Exercise: Which lines in the data below contain the word "White"? Copy each of them.

|---|

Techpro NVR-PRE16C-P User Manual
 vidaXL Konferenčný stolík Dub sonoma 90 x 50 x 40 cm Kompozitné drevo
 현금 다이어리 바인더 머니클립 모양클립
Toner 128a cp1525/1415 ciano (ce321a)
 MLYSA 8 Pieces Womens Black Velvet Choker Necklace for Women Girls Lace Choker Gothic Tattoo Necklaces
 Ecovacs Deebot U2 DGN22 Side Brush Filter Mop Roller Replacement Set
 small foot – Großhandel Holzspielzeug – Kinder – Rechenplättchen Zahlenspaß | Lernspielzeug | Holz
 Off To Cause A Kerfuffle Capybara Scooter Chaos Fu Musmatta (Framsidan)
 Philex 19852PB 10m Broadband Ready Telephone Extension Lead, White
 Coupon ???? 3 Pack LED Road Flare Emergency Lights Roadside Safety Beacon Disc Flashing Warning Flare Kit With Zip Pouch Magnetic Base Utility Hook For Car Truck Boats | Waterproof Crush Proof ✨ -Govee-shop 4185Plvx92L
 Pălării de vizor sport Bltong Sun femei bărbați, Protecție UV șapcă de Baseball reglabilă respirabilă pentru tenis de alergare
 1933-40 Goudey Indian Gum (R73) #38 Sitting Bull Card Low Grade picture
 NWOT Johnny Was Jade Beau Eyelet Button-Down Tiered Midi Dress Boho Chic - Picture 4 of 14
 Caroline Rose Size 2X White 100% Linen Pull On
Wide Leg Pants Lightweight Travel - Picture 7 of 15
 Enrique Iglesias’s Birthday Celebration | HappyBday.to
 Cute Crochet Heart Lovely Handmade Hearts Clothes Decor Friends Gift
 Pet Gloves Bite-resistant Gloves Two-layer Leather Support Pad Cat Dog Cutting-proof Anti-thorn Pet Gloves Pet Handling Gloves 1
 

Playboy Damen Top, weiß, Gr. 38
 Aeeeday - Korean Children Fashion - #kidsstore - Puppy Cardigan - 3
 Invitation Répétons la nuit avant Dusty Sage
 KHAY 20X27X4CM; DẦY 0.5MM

|---|

Reply to the exercise:
 Philex 19852PB 10m Broadband Ready Telephone Extension Lead, White
 Caroline Rose Size 2X White 100% Linen Pull On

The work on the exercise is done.